В этот же вечер брат и сестра пошли в театр. Эмилио надеялся, что необычное развлечение затмит для Амалии все остальные печальные мысли.

Но нет! В течение всего вечера представление ни разу не оживило её глаз. Она едва замечала людей. Мысли Амалии постоянно возвращались к несправедливости, которую ей пришлось пережить, и она не могла сосредоточить внимание на этих женщинах, что были более счастливы и элегантны, за которыми в другое время она бы с удовольствием понаблюдала и была бы уже рада просто поговорить о них. Когда Амалия имела такую возможность, то всегда обсуждала их формы, а сегодня она их даже не замечала.

Некая Бирлини, богатая синьора, которая приходилась подругой матери семьи Брентани, находясь в ближайшей ложе, заметила Амалию и поприветствовала её. В прошлом Амалия гордилась расположением некоторых богатых дам. Сегодня же, напротив, ей пришлось приложить усилия, чтобы улыбкой ответить на такую любезность, и вскоре Амалия забыла про эту белокурую и добрую синьору, которая, очевидно, обрадовалась, встретив и Амалию в этом театре.

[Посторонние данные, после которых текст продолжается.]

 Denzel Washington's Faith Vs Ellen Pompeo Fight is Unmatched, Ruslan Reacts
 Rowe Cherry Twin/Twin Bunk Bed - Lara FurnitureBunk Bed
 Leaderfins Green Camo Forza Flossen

Но на самом деле её здесь не было. Она позволила убаюкать свои мысли этой странной музыкой, которую Амалия не разделяла, а воспринимала всю вместе. Эта музыка казалась ей дерзкой и монолитной и звучала в таком виде угрожающе. Эмилио вырвал на мгновение Амалию из круга её мыслей, чтобы спросить, нравится ли ей этот мотив, что продолжал раздаваться из оркестра.

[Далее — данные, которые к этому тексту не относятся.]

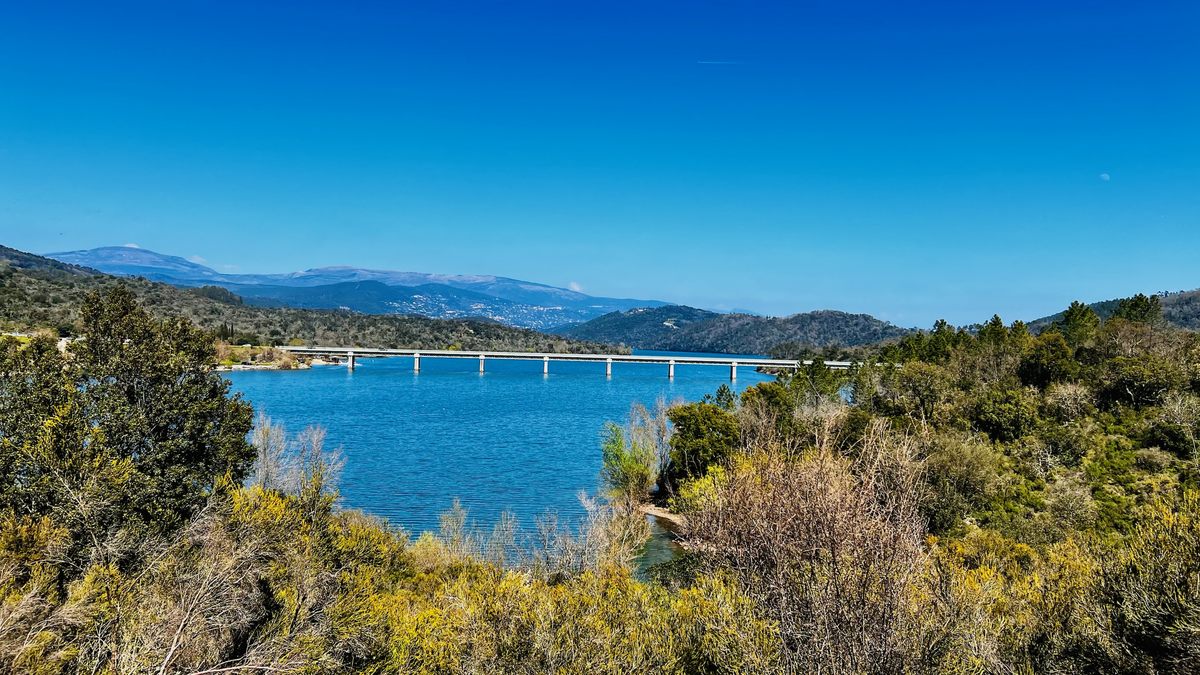 Lac de Saint Cassien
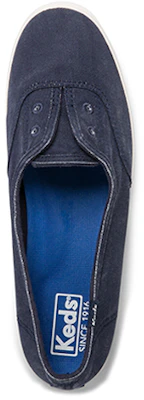 (W) Keds Chillax Mini Canvas Slip-On ''Blu'' WF56523 Lookbook (W) Keds Chillax Mini Canvas Slip-On ''Blu'' WF56523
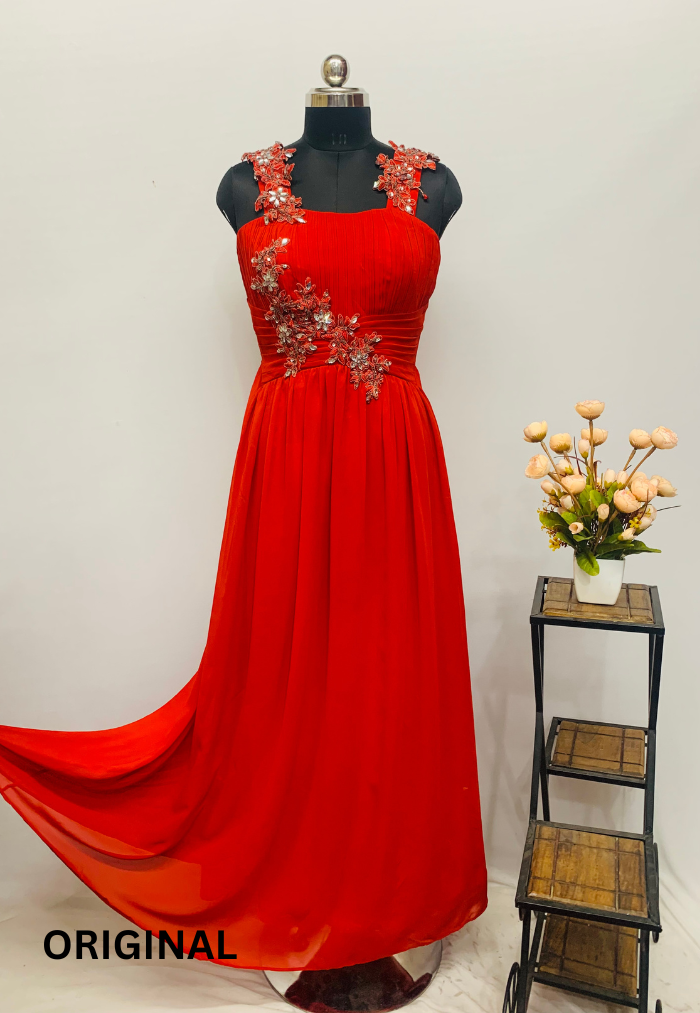 Gown for valentine's day online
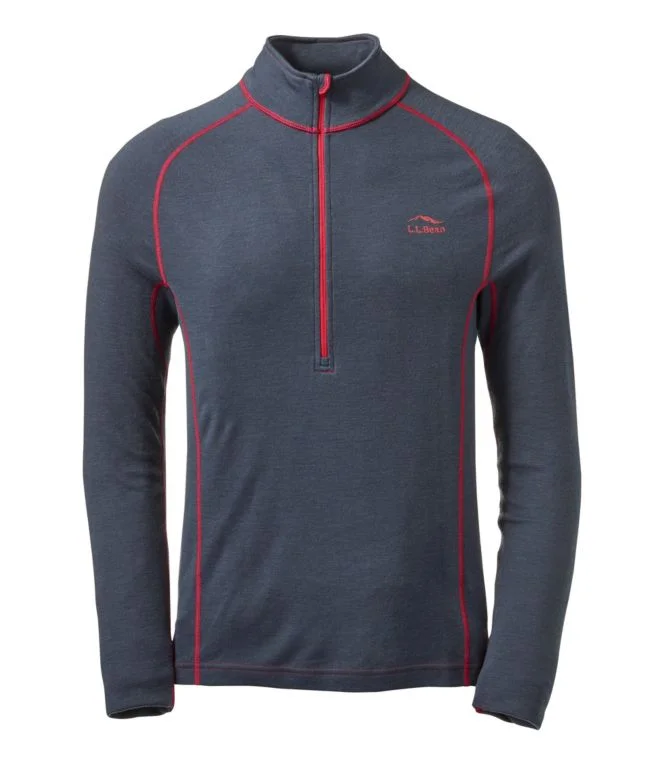 Alternative view of Men''s Cresta Midweight 250 Quarter-Zip Top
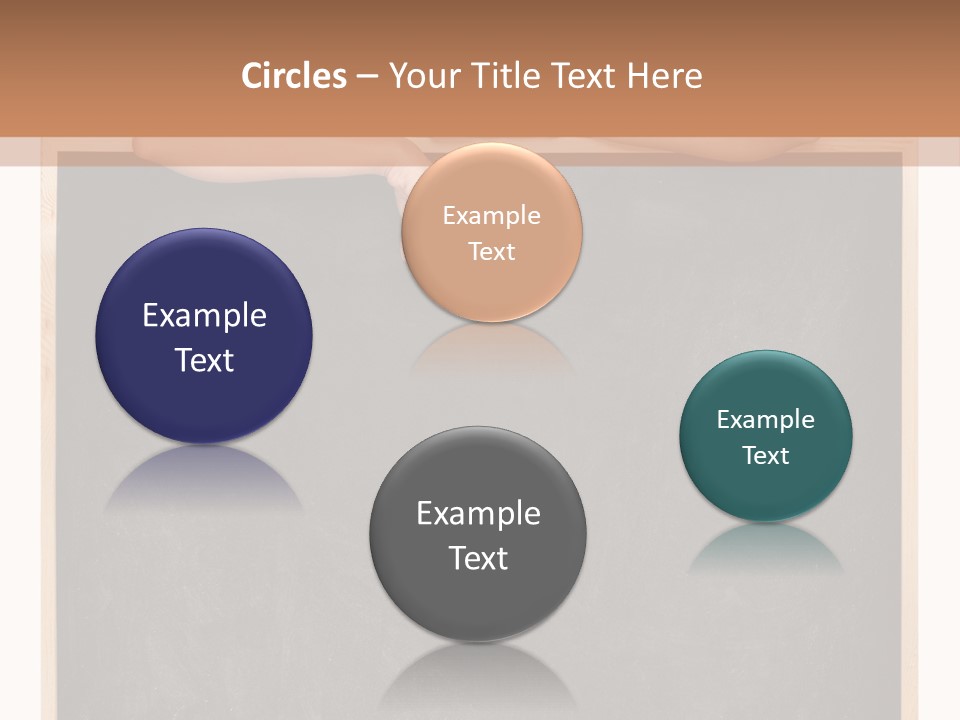 Indoors Young Message PowerPoint Template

— Не понимаю, — ответила она.

И действительно, она его не слышала. Но, поглощённое этой музыкой, её горе приобрело различные краски, стало ещё важнее, чтобы упроститься, очиститься и избавиться от оскорбления и унижения. Маленькая и болезненная, Амалия была подавлена. Никогда ещё она не ощущала себя такой кроткой, свободной от гнева и расположенной долго, тихо плакать. Здесь Амалия не могла это сделать и поэтому была лишена облегчения. Но она ошибалась, утверждая, что не понимает эту музыку. Величественная звучная волна представляла собой судьбу любого. Амалия видела её бегущую вниз по склону, управляемую неровностями поверхности земли. Сейчас это был один каскад, затем он разделялся на тысячу маленьких, окрашенных различными цветами, отражающих разные вещи. Всё это создавало гармонию красок и звуков, из которых состояла эпическая судьба Сьелинды, но также такое жалкое нечто своё, конец одной из частей жизни. И это своё больше не требовало слёз других, а только своих собственных, оно было угнетено и не находило места в этом выражении, которое в чистом виде было так совершенно.

Эмилио глубоко знал происхождение этих звуков, но ему не удавалось погрузиться в них так, как это получилось у Амалии. Эмилио полагал, что его любовь и его горе вскоре преобразовались бы в мысль гения. Нет. Для него по сцене перемещались герои и боги, и они уносили его далеко от этого мира, где он страдал. В перерывах Эмилио напрасно искал в своих воспоминаниях какой-то акцент, который заслуживал бы такого преобразования. Может быть, искусство его лечило?